Was Medienhäuser aktiv tun können

Neben Projekten und Förderprogrammen gibt es zahlreiche Punkte, die Medienhäuser leicht umsetzen können, um den Zugang in die Medienbranche für Arbeiterkinder zu erleichtern. Die Charta der Vielfalt gibt dafür Möglichkeiten an die Hand:

  • Inklusive Sprache spricht Arbeiterkinder aktiv an: Die Sprache in einer Stellenausschreibung bestimmt, wer sich bewirbt. Sätze wie „Wir freuen uns besonders auf Bewerbungen von Quereinsteiger:innen und Menschen mit unkonventionellen Lebensläufen” fördern Bewerbungen von Menschen mit diversen sozialen Hintergründen.
  • Fokus auf Kompetenzen legen: Der Einstieg in die Medienbranche wird erleichtert, indem Anforderungen an Bewerber:innen angepasst oder neu definiert werden. Das könnten beispielsweise konkrete Fähigkeiten und Erfahrungen anstelle formaler Kriterien wie ein universitärer Abschluss sein. Damit vermittelt die Stellenausschreibung, dass nicht nur akademisch gebildete Menschen qualifiziert und erwünscht sind, sondern auch Menschen, die sich auf einem anderen Weg weitergebildet haben.
  • Chancengleichheit im Bewerbungsprozess: Die Entscheider:innen sollten möglichst diverse Hintergründe haben. Fragenkataloge können zur objektiven Bewertung verhelfen. Bewerber:innen sollten Gelegenheit haben, nicht formal erworbene Kompetenzen zu zeigen.
  • Vielfalt, Inklusion und Gleichberechtigung durch Mentoring-Programme: Um Arbeitswelten diverser und inklusiver zu gestalten, muss der Einstieg für Arbeiterkinder erleichtert werden. Mentoring-Programme für Menschen aus nicht-akademischen Haushalten eröffnen Mentor:innen und Mentees Einblicke in die „andere Welt”.

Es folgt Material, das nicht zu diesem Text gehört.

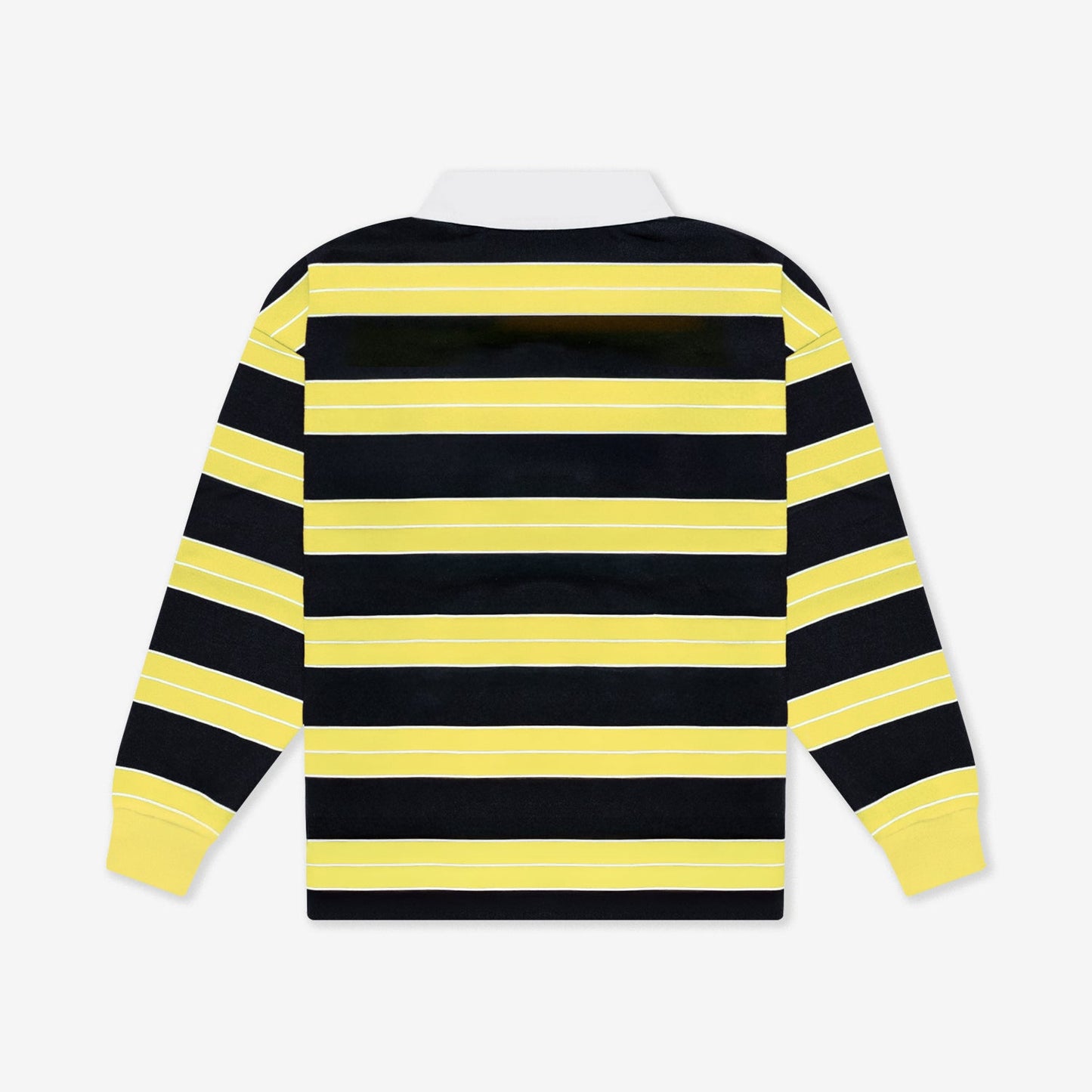 HORIZONTALLY-STRIPED SHIRT - RIKU【L】/ NiziU『Live with U 2025』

  • Interne Antidiskriminierungsmaßnahmen zeigen: Um die Integration marginalisierter Menschen zu fördern, sollte explizit offengelegt werden, wie mit Diskriminierung am Arbeitsplatz umgegangen wird. Dieser Schritt signalisiert potenziellen Mitarbeiter:innen, dass sie in ihrem zukünftigen Arbeitsumfeld geschützt und respektiert werden.